Sir Winston Churchill, n.d.
Location: Sir Winston Churchill Square (NW corner)
Purchased for $125,000 and gifted to the City of Edmonton by the Sir Winston Churchill Society in 1989, this firm and active pose of Churchill represents his unflagging leadership in times of hardship and war. Sculptor Oscar Nemon met Churchill in Marrakesh in 1951 and developed a deep friendship with him. He created the sculpture for Elizabeth II at Windsor. Dramatically composed, Nemon’s sculptures show how he seized momentary impressions to meld the boundaries of portraiture, creating pieces that are, at once, intensely true to the subject but also explore and question who they are.
Until his death, Oscar Nemon was the sculptor to the British Royal Family. A spectacular list of high-profile figures sat for him, including Queen Elizabeth II, D. D. Eisenhower, Charles Lindbergh, Sigmund Freud, and Margaret Thatcher.

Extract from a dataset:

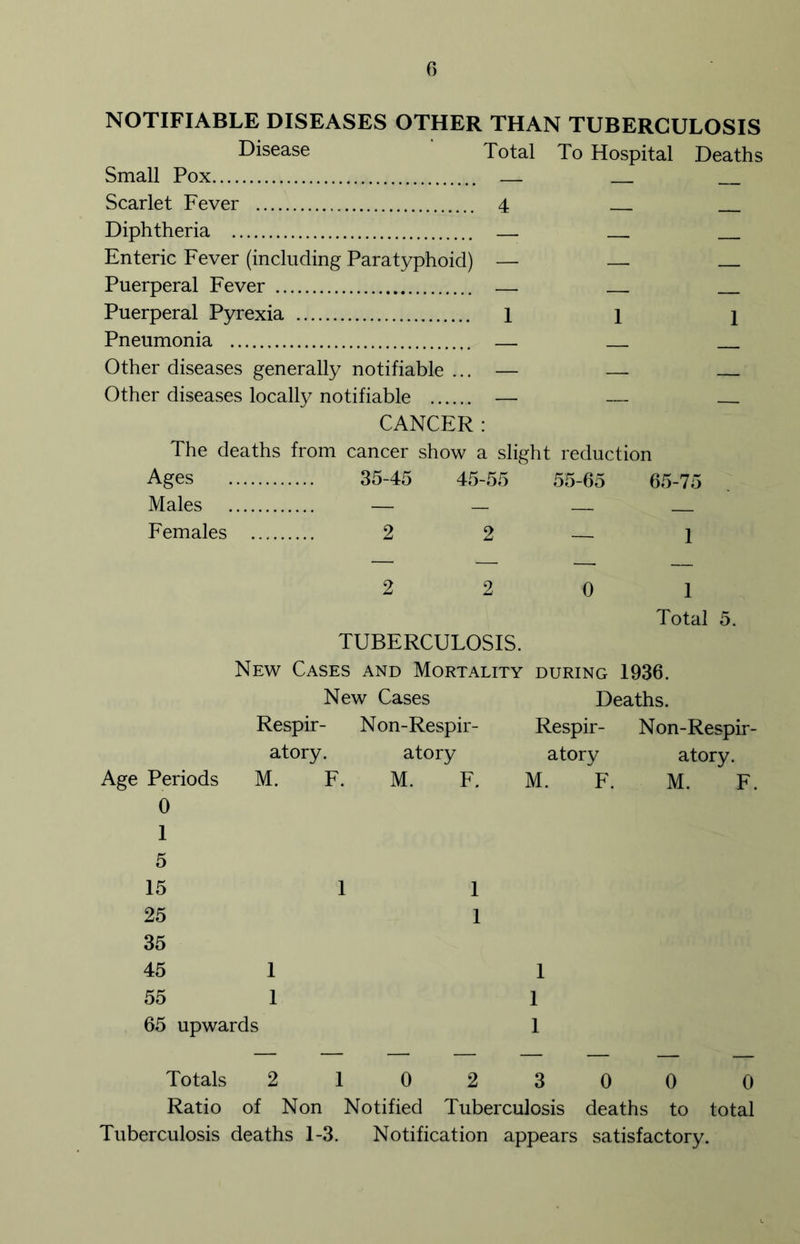 NOTIFIABLE DISEASES OTHER THAN TUBERCULOSIS Disease Total To Hospital Deaths Small Pox — Scarlet Fever 4 Diphtheria — Enteric Fever (including Paratyphoid) — Puerperal Fever — Puerperal Pyrexia 1 i j Pneumonia — Other diseases generally notifiable ... — Other diseases locally notifiable — CANCER: The deaths from cancer show a slight reduction Ages 35-45 45-55 55-65 65-75 Males — — Females 2 2 — l 2 2 0 1 Total 5. TUBERCULOSIS. New Cases and Mortality during 1936. New Cases Respir- Non-Respir- atory. atory Age Periods M. M. F. Deaths. Respir- Non-Respir- atory M. F. atory. M. F. 0 1 5 15 25 35 45 55 1 1 65 upwards 1 1 1 1 1 1 Totals 2 1 0 2 3 0 0 0 Ratio of Non Notified Tuberculosis deaths to total Tuberculosis deaths 1-3. Notification appears satisfactory.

Biography: Oscar Nemon (née Neumann) was born into a close Jewish family in Osijek (now Croatia) in 1906. The second of three children, he displayed an advanced talent for drawing that became enhanced by his father’s death – the tragedy fired him with a sense of urgency and an awareness of mortality. From age 14 onwards, these feelings found expression in the sculptures and portraits which he first exhibited in 1923 and 1924.

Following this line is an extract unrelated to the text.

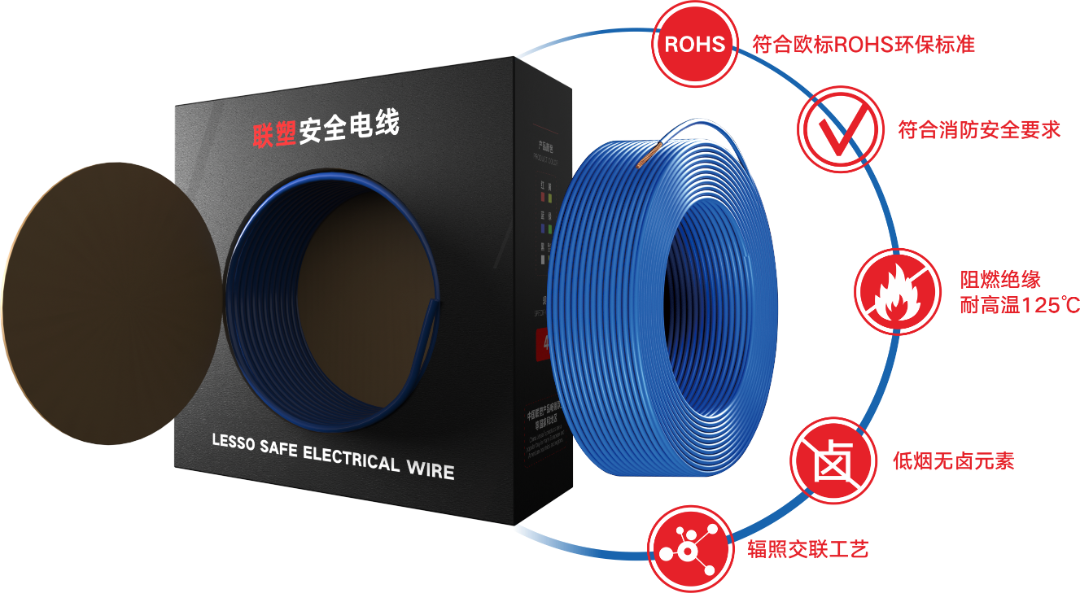 甄选家装线缆:联塑建材低烟无卤阻燃电线,守护家庭用电安全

After being mentored by pre-eminent sculptor Ivan Mestrovic, Nemon moved to Vienna where he set up a studio and sculpted portraits and medals that he casted thanks to an uncle who owned a bronze foundry. From Vienna, Nemon travelled to Bruxelles where he studied at the Academie Royale des Beaux Arts and continued to establish his reputation, changing his name to Nemon.
Portraits of Freud and Henri Spaak, the Belgian statesman, were exhibited in Nemon’s first substantial one-man show at the Palais des Beaux Arts in Bruxelles in 1932. The next several years were highly successful for Nemon as he was commissioned by King Albert I and Queen Astride of the Belgians. The rise of fascism, however, made it impossible for Nemon to remain in mainland Europe, so he moved to England in 1938. It was here where he met his wife, started a family, and established a studio.
News that his family including his mother, brother, and grandmother had died in Auschwitz devastated Nemon. A sense of acute loss, combined with the burden of having survived, led him to question his right to create more personal and experimental works. He focused his attention instead on exploring and memorializing the human figure through his portraiture.
Alongside his well-known artwork, Nemon created secret, creative pieces expressed in the later 1940s and 1950s in the sequence of coloured, lyrical reliefs which look back to the landscapes and mood of the pre-war Croatian coast. Nemon also continued to sketch and model figurative compositions such as Humanity, a memorial to the victims of the Holocaust in Osijek, and Per Ardua ad Astram, the Canadian Air Force memorial in Toronto. The last in this sequence, a pyramid-shaped composition titled Eternity, questions the relationship between life and art. Created in the final years of the sculptor’s life, it is situated in the garden of his studio on Boars Hill, near Oxford, where Nemon continued to work until his own death in 1985.